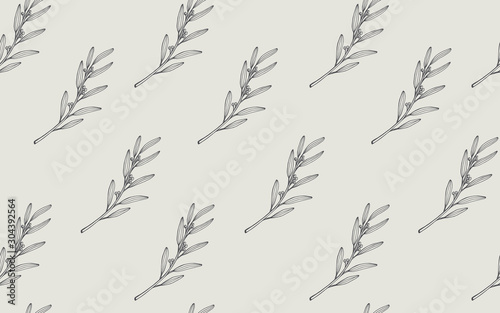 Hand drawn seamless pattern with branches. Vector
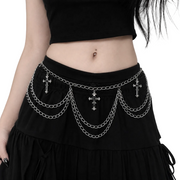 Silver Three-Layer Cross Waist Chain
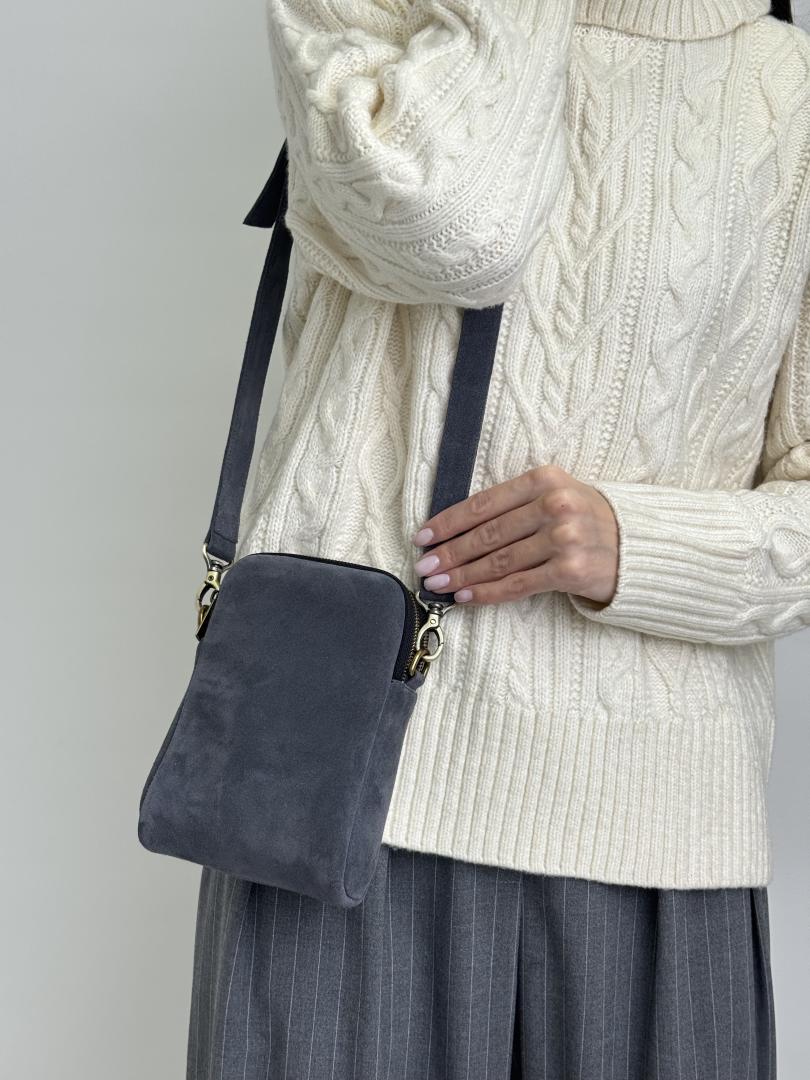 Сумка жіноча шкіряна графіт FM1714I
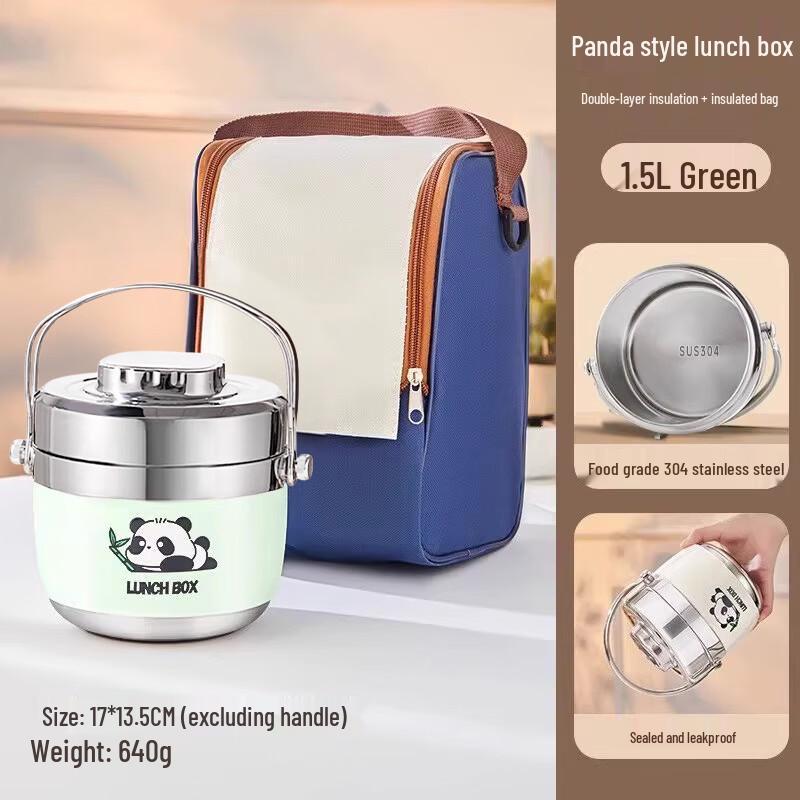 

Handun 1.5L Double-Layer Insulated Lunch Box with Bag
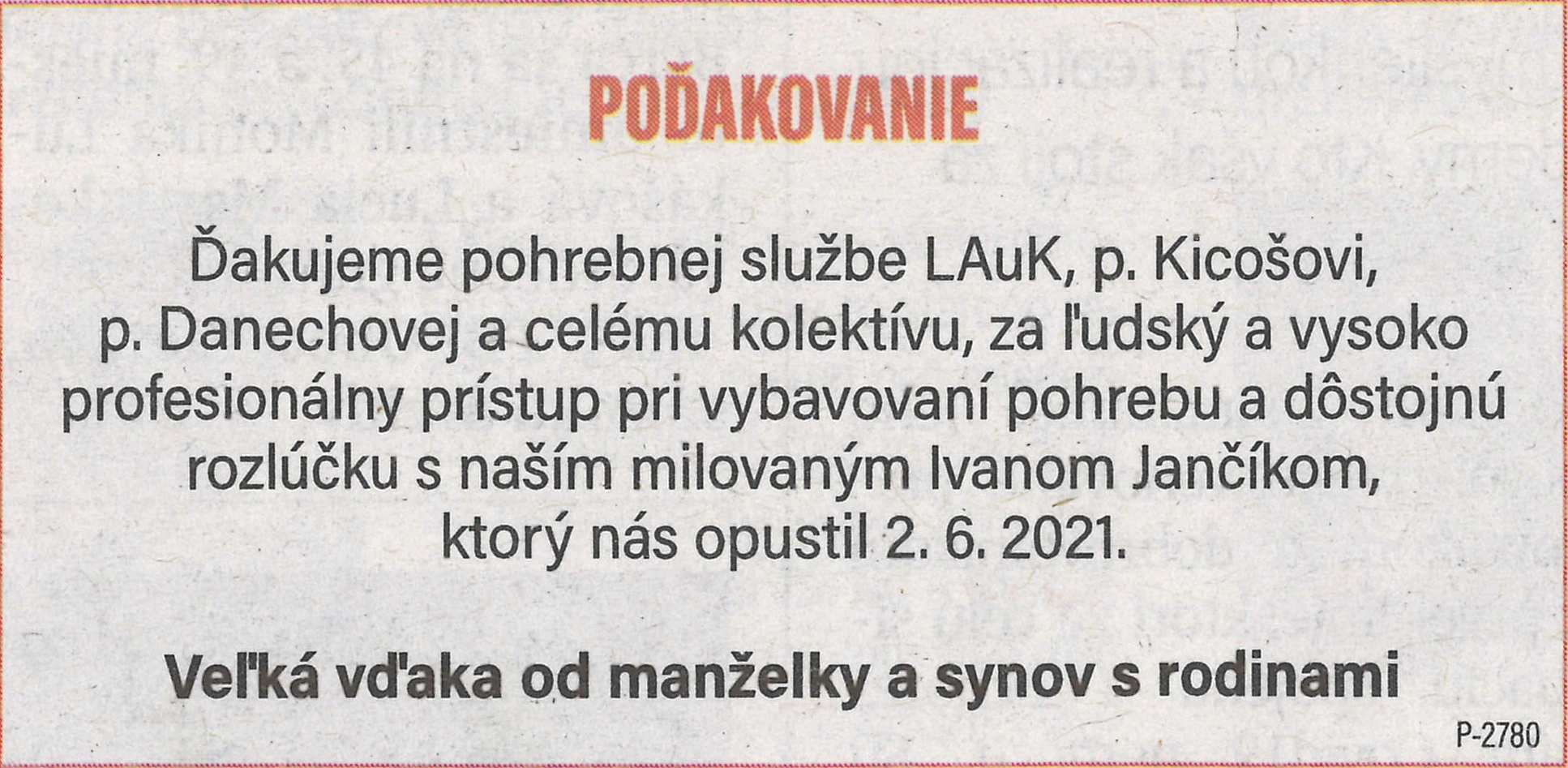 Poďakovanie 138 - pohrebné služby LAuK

==

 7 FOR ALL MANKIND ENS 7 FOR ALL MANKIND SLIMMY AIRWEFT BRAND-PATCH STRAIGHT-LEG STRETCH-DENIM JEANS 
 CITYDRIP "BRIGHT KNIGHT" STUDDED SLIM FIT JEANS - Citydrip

▶ **About this exercise**
Return each full line of the entries that contains the word "JEANS".

▶ **Solution**
 7 FOR ALL MANKIND ENS 7 FOR ALL MANKIND SLIMMY AIRWEFT BRAND-PATCH STRAIGHT-LEG STRETCH-DENIM JEANS 
 CITYDRIP "BRIGHT KNIGHT" STUDDED SLIM FIT JEANS - Citydrip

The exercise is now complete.